Multiple instance learning (MIL) is an effective and widely used approach for weakly supervised machine learning. In histopathology, MIL models have achieved remarkable success in tasks like tumor detection, biomarker prediction, and outcome prognostication. However, MIL explanation methods are still lagging behind, as they are limited to small bag sizes or disregard instance interactions. We revisit MIL through the lens of explainable AI (XAI) and introduce xMIL, a refined framework with more general assumptions. We demonstrate how to obtain improved MIL explanations using layer-wise relevance propagation (LRP) and conduct extensive evaluation experiments on three toy settings and four real-world histopathology datasets. Our approach consistently outperforms previous explanation attempts with particularly improved faithfulness scores on challenging biomarker prediction tasks. Finally, we showcase how xMIL explanations enable pathologists to extract insights from MIL models, representing a significant advance for knowledge discovery and model debugging in digital histopathology.

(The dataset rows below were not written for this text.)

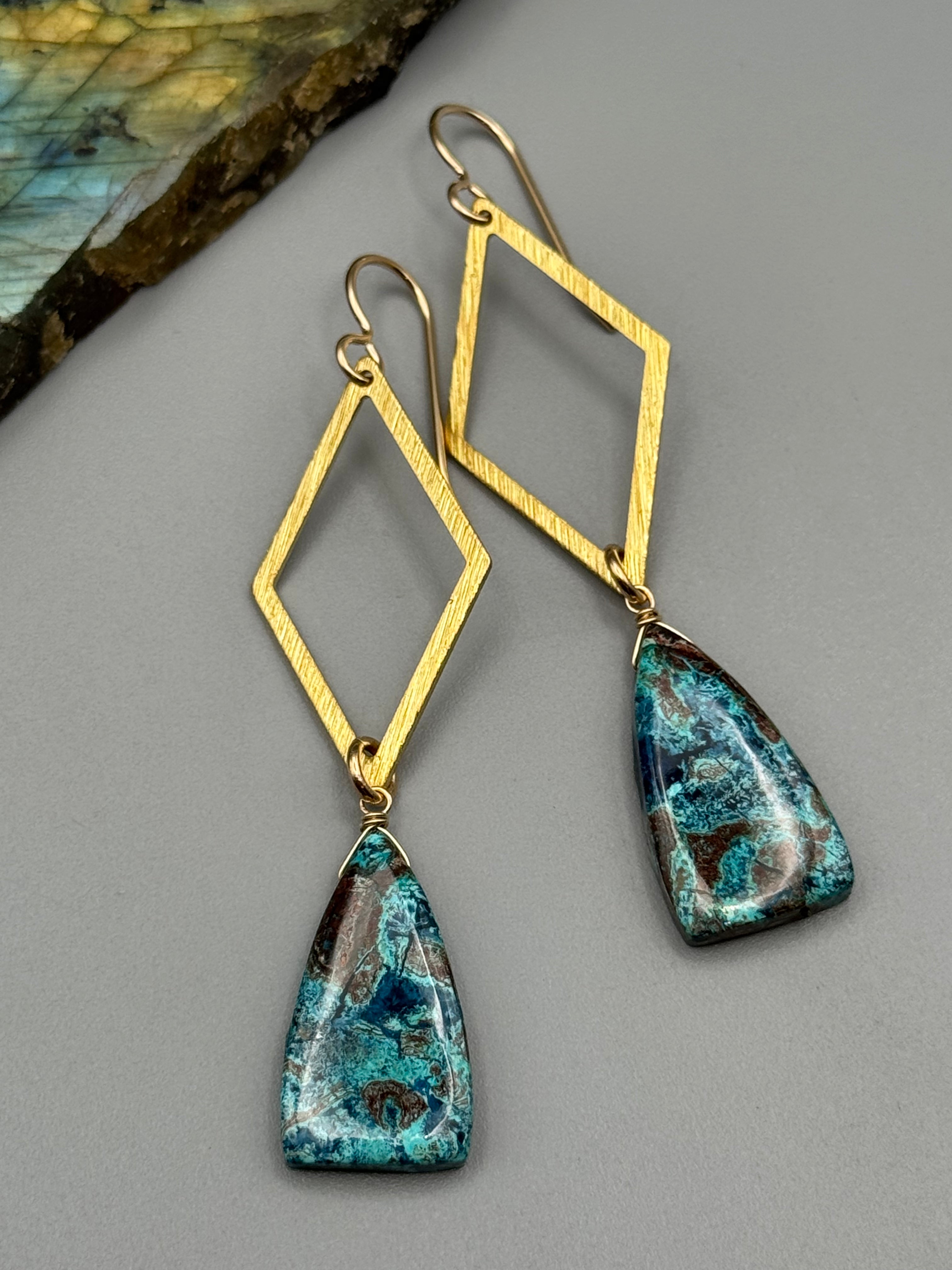 •HEXED• shattuckite + gold earrings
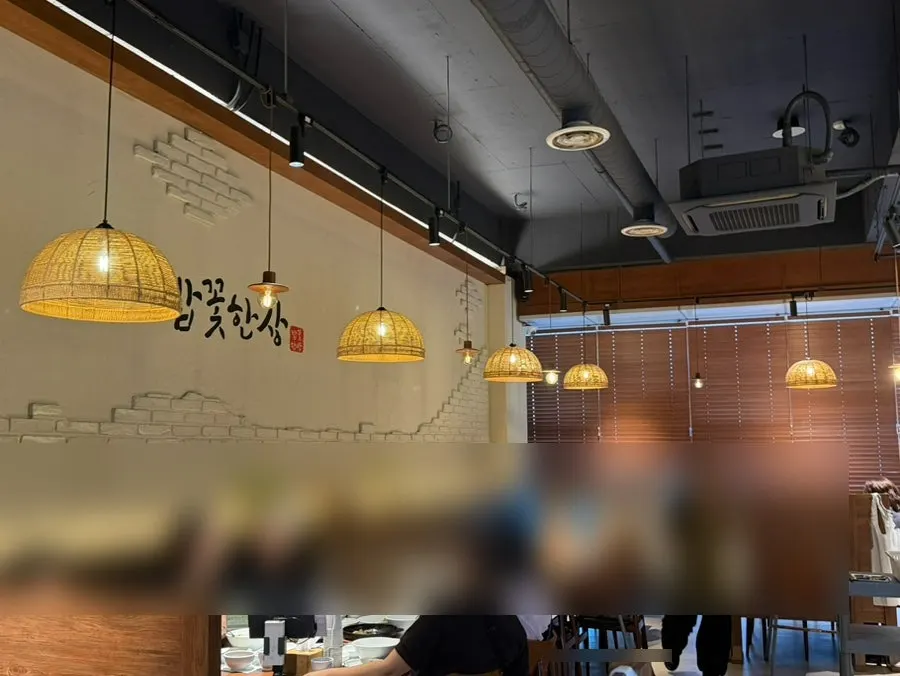밥꽃한상 테이블과 좌석 내부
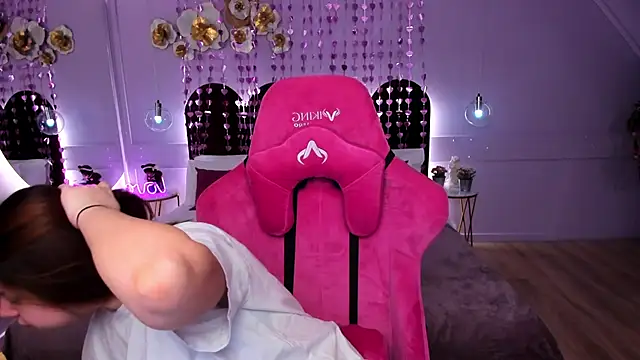 Snapshot of MelanieCarterr chatting on February 14, 2026, 5:04 am MelanieCarterr online show from February 14, 2026, 5:04 am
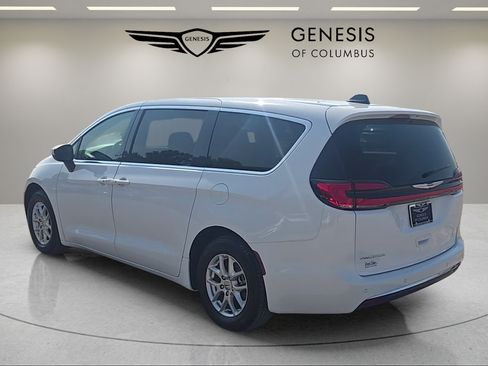 Used 2023 Chrysler Pacifica Touring-L FWD image 3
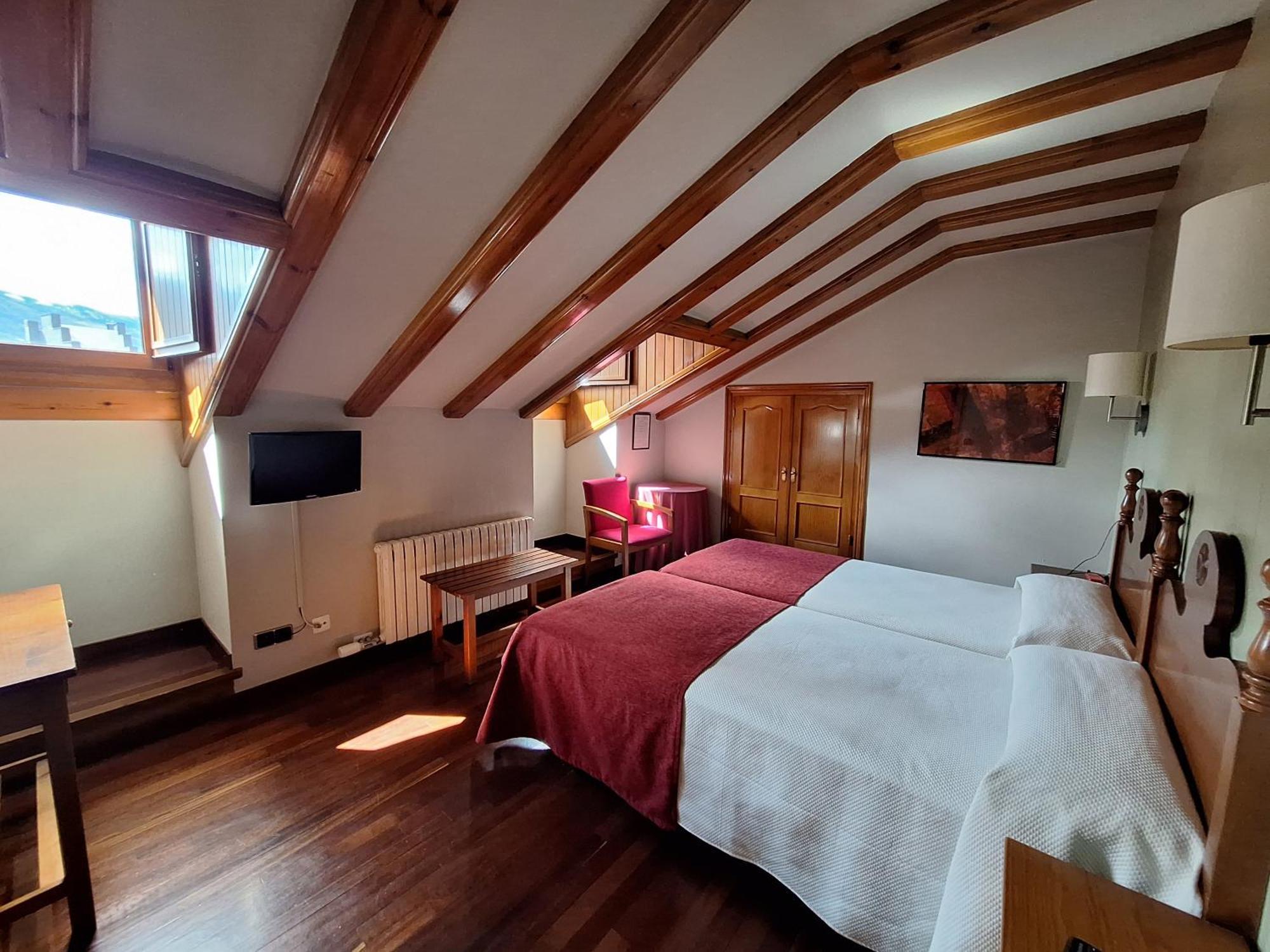 Hotel Aragueells بيناسكي المظهر الخارجي الصورة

XAI for Transformers: Better Explanations through Conservative Propagation

Transformers have become an important workhorse of machine learning, with numerous applications. This necessitates the development of reliable methods for increasing their transparency. Multiple interpretability methods, often based on gradient information, have been proposed. We show that the gradient in a Transformer reflects the function only locally, and thus fails to reliably identify the contribution of input features to the prediction. We identify Attention Heads and LayerNorm as main reasons for such unreliable explanations and propose a more stable way for propagation through these layers. Our proposal, which can be seen as a proper extension of the well-established LRP method to Transformers, is shown both theoretically and empirically to overcome the deficiency of a simple gradient-based approach, and achieves state-of-the-art explanation performance on a broad range of Transformer models and datasets.

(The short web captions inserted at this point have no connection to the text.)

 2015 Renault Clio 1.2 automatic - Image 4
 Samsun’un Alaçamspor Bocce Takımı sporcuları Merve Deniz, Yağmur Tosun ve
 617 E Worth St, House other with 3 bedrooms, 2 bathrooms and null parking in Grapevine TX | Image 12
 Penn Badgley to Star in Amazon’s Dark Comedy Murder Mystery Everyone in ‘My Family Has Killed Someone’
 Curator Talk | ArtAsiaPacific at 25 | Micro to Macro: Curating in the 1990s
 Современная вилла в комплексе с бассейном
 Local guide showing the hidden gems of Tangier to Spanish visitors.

XAI for Graphs: Explaining Graph Neural Network Predictions by Identifying Relevant Walks

Graph Neural Networks (GNNs) are a popular approach for predicting graph structured data. As GNNs tightly entangle the input graph into the neural network structure, common explainable AI (XAI) approaches are not applicable. To a large extent, GNNs have remained black-boxes for the user so far. In this paper, we contribute by proposing a new XAI approach for GNNs. Our approach is derived from high-order Taylor expansions and is able to generate a decomposition of the GNN prediction as a collection of relevant walks on the input graph. We find that these high-order Taylor expansions can be equivalently (and more simply) computed using multiple backpropagation passes from the top layer of the GNN to the first layer. The explanation can then be further robustified and generalized by using layer-wise-relevance propagation (LRP) in place of the standard equations for gradient propagation. Our novel method which we denote as 'GNN-LRP' is tested on scale-free graphs, sentence parsing trees, molecular graphs, and pixel lattices representing images. In each case, it performs stably and accurately, and delivers interesting and novel application insights.